The CohortTracker allows logging filtering steps with optional comments to recover such a filtering flow.
# instantiate the cohort tracker
ct = ep.tl.CohortTracker(edata, categorical=["gender", "race", "medicaid"])
# track the initial state of the dataset
ct(edata, label="Initial cohort")
# do a filtering step
edata = edata[edata.obs.medicaid]
# track the filtered dataset
ct(
edata,
label="Medicaid Cohort",
operations_done="Include patients in medicaid program only",
)
# plot the change of the cohort
ct.plot_cohort_barplot(
legend_subtitles_names={
"medicaid": "Medicaid",
"time_in_hospital": "Time in hospital",
"race": "Race",
"gender": "Gender",
},
legend_labels={"time_in_hospital": "Time in hospital (days)"},
show=False,
)
# plot a flowchart
ct.plot_flowchart()
As we can see, focusing on the Medicaid cohort actually drastically shifts other demographics as well: The over-representation of the “Caucasian” population decreased and the imbalance between the representation of the genders is pronounced much more in this cohort.
Customizing plots#
fig, ax = ct.plot_cohort_barplot(
subfigure_title=True,
yticks_labels={
"medicaid": "Medicaid",
"time_in_hospital": "Time in hospital (days)",
"race": "Race",
"gender": "Gender",
},
color_palette="tab20",
legend_labels={
"time_in_hospital": "Time in hospital (days)",
"AfricanAmerican": "African American",
},
legend_subtitles_names={
"medicaid": "Medicaid",
"time_in_hospital": "Time in hospital",
"race": "Race",
"gender": "Gender",
},
show=False,
)
fig.subplots_adjust(top=1.2)
ct.plot_flowchart(
title="Cohort flowchart",
node_color="#d9ead3",
edge_color="black",
)
Branching cohorts (CONSORT-style flowcharts)#
Real studies rarely process one cohort linearly: participants are screened, enrolled, randomized into arms, and followed up. Pass parent= (a step label or 0-based index) to CohortTracker.__call__ to branch off a previously tracked step. The default parent=None still continues from the previous step, so linear pipelines are unchanged.

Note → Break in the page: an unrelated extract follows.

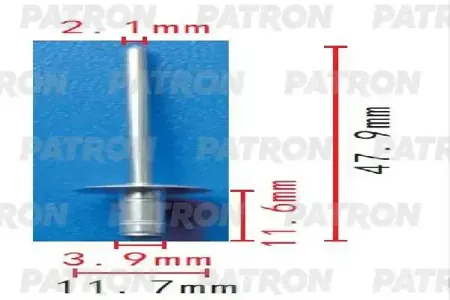 PATRON P371555 Клипса автомобильная [упаковка 10 штук]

enrolled = edata[edata.obs.time_in_hospital >= 2]
arm_a = enrolled[enrolled.obs.race == "Caucasian"]
arm_b = enrolled[enrolled.obs.race == "AfricanAmerican"]
ct_branched = ep.tl.CohortTracker(edata, categorical=["gender", "race", "medicaid"])
ct_branched(edata, label="Screened")
ct_branched(enrolled, label="Enrolled", operations_done="time_in_hospital >= 2")
ct_branched(arm_a, label="Caucasian", operations_done="stratify by race", parent="Enrolled")
ct_branched(arm_b, label="AfricanAmerican", operations_done="stratify by race", parent="Enrolled")
ct_branched(arm_a[arm_a.obs.medicaid], label="Caucasian / Medicaid", operations_done="medicaid only", parent="Caucasian")
ct_branched(arm_b[arm_b.obs.medicaid], label="AA / Medicaid", operations_done="medicaid only", parent="AfricanAmerican")
ct_branched.plot_flowchart(title="CONSORT-style flowchart", width=820, height=560)
plot_flowchart returns a HoloViews/Bokeh overlay, so the rendered diagram is interactive (pan, zoom, hover) directly in the notebook. To save it as a standalone HTML report use hv.save(ct_branched.plot_flowchart(), "flowchart.html").